Member of the National Assembly of South Africa
- In office 21 May 2014 – 7 May 2019
- Constituency: Western Cape

Permanent Delegate to the National Council of Provinces
- In office 2003 – 6 May 2014

Personal details
- Party: African National Congress (2005–present)
- Other political affiliations: New National Party (Until 2005)
- Spouse: Millie Paige ross
- Children: Sam Adams, Thomas Adams

= Freddie Adams =

South African retired politicians

Freddie Adams is a South African retired politician. A former member of the New National Party, he joined the National Council of Provinces in 2003. He joined the African National Congress in 2005. After the 2014 election, Adams became a member of the National Assembly. Adams left Parliament at the 2019 election.

==Parliamentary career==
Adams was the provincial secretary of the New National Party. In 2003, the African National Congress nominated him to be one of their representatives in the National Council of Provinces, the upper house of the South African parliament in terms of a political agreement between the ANC and NNP. After the 2004 general election, Adams was reappointed to the NCOP as the NNP's sole provincial delegate. In October 2004, ANC chief whip Mbulelo Goniwe announced that eight NNP MPs, including Adams, would cross the floor and join the ANC during the floor-crossing period in September of the following year. In August 2005, Adams reiterated that he would join the ANC during the floor-crossing period. After the composition of the Western Cape Provincial Parliament was reconstituted following the floor-crossing period, Adams officially became an ANC representative in the NCOP.

In November 2006, Adams voted for the Civil Union Bill which legalised same-sex marriage in South Africa.

After the 2009 general election, Adams returned to the NCOP. The ANC selected him as their candidate for Chairperson of the Select Committee on Economic Development; he was unanimously elected by committee members.

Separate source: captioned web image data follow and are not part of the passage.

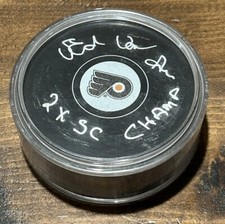 2017-18 Fanatics Under Wraps NHL Series 1 Autographed Hockey Puck 15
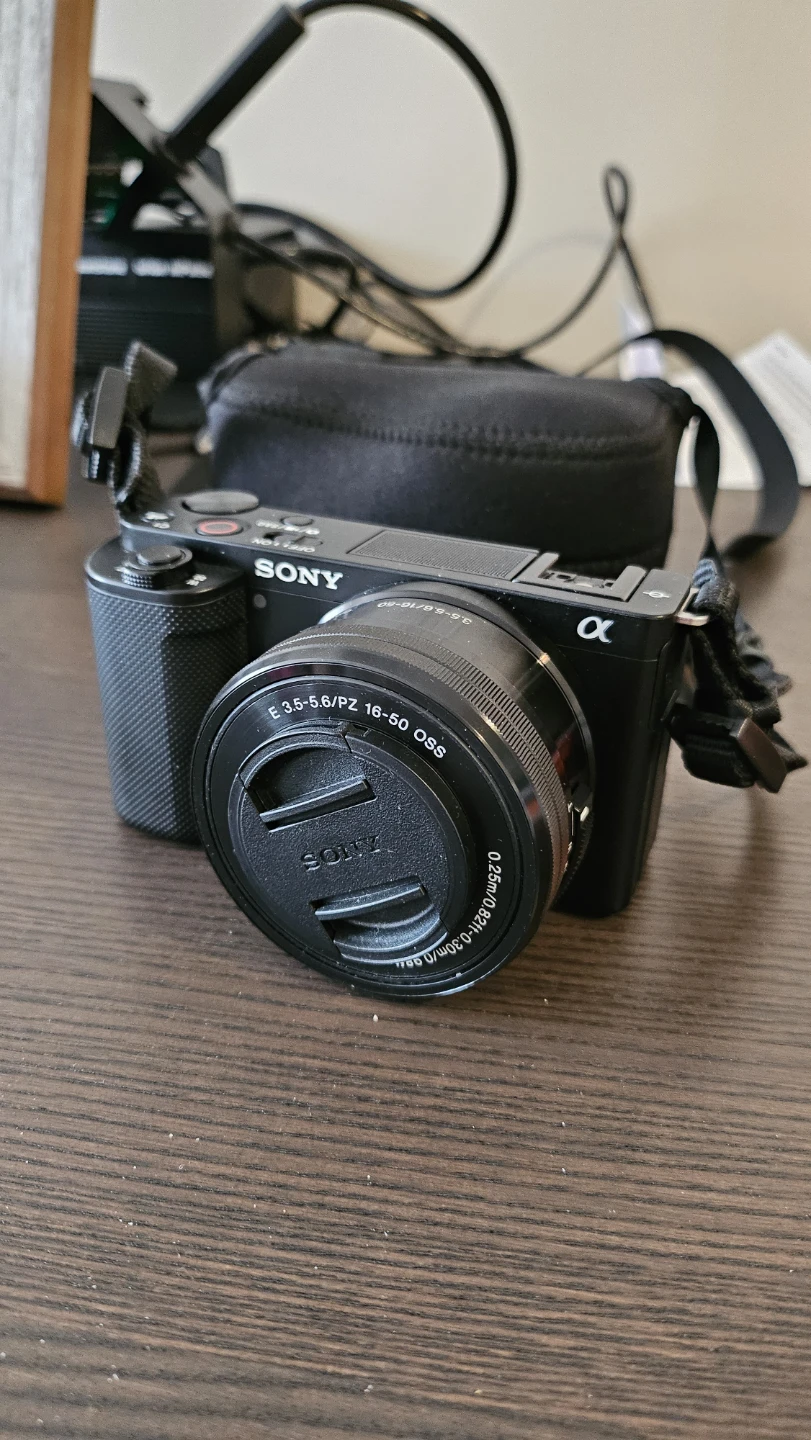 Sony ZVE10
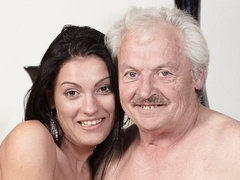 Blasen, Braunhaarige, Hundestellung, Handjob, Küssen, Rasiert, Jungendliche (18+)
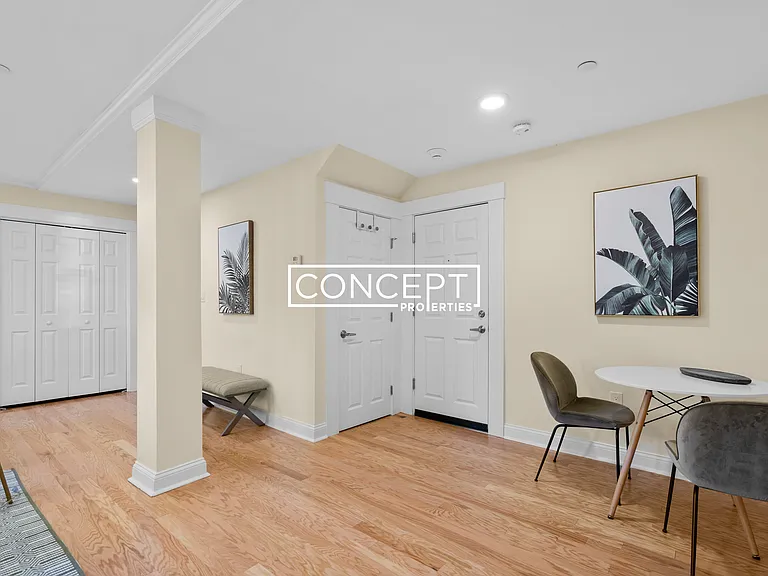 220 Commonwealth Ave #16 — Photo 16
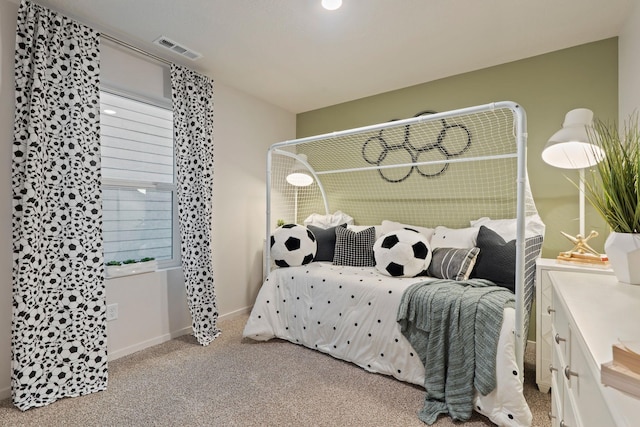 3122 N Glenrose Rd, Spokane, WA 99217 - carpeted bedroom featuring baseboards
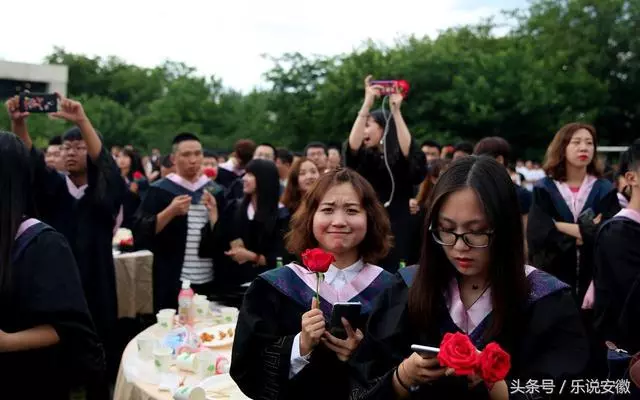 大學生5大墮落行為,沾上3條很難挽救,碰上一條回頭還不遲!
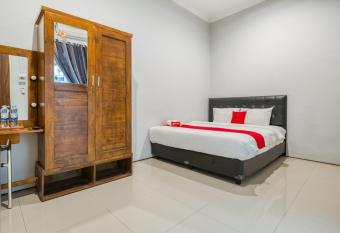 RedDoorz near Surabaya Zoo allows 18 year olds to book a room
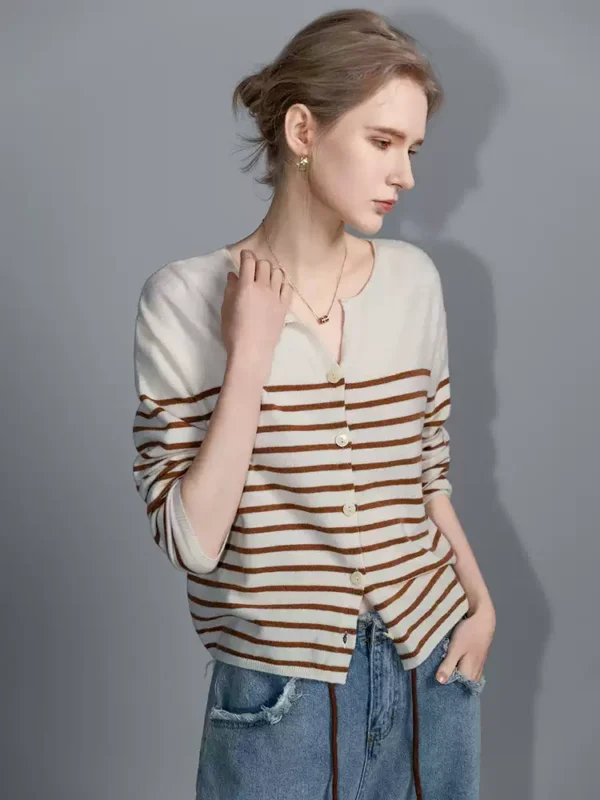 A fashionable striped thin commuter knitted cardigan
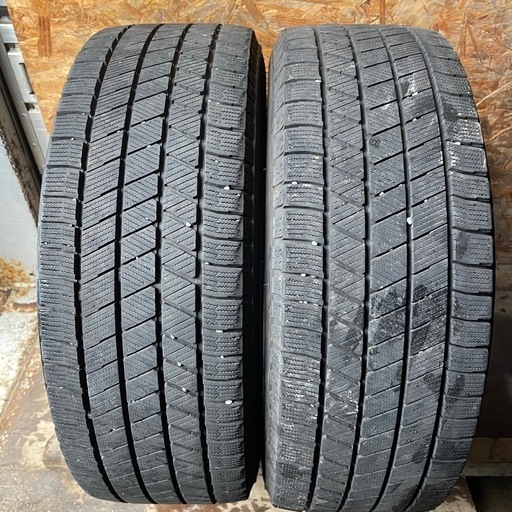 バリ山　BRIDGESTONE ブリヂストン　ブリジストン　VRX3 205/60R16 スタッドレス　タイヤ　2021年製　16インチ　2本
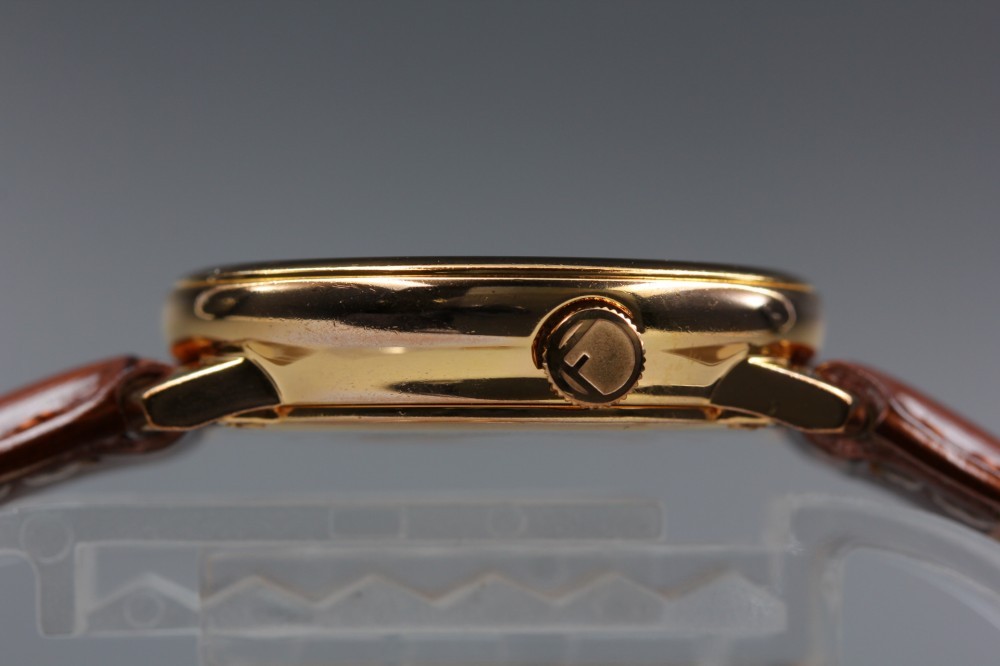 Near MINT FENDI Runaway 71000S White Gold Quartz 28mm Ladies Watch w/ Box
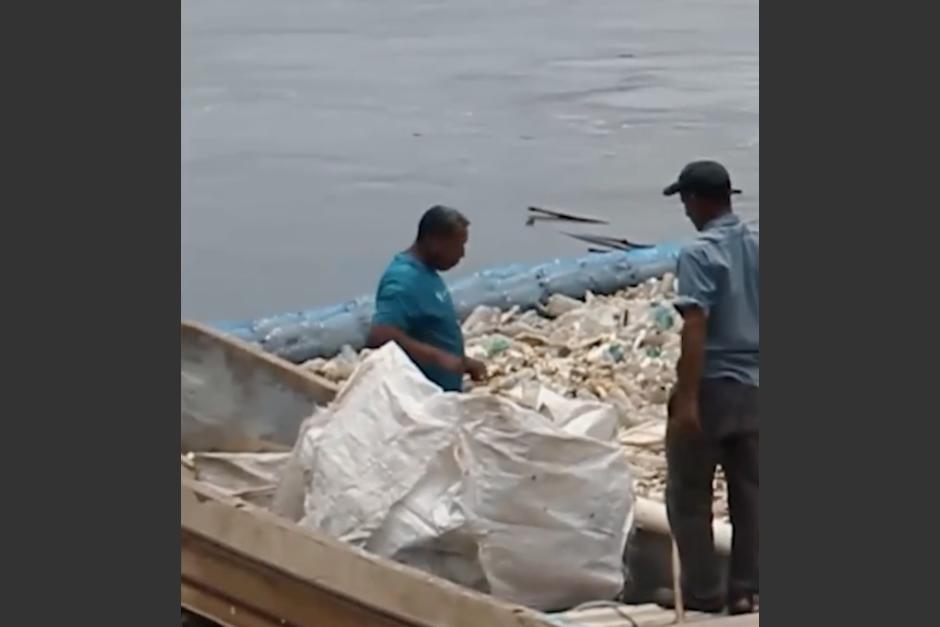 Denuncian que las biobardas instaladas en ríos de Guatemala no funcionan para detener el plástico que está contaminando. (Foto: captura de video)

Adams stood for the National Assembly, the lower house of parliament, as a candidate on the ANC's Western Cape regional-to-national list in the 2014 general election and was elected and sworn in on 21 May 2014. During his tenure in the National Assembly, he was a member of the Portfolio Committee on Public Enterprises and whip of the Portfolio Committee on Public Works. Adams was not placed on any ANC list for the 2019 general election and left parliament at the election.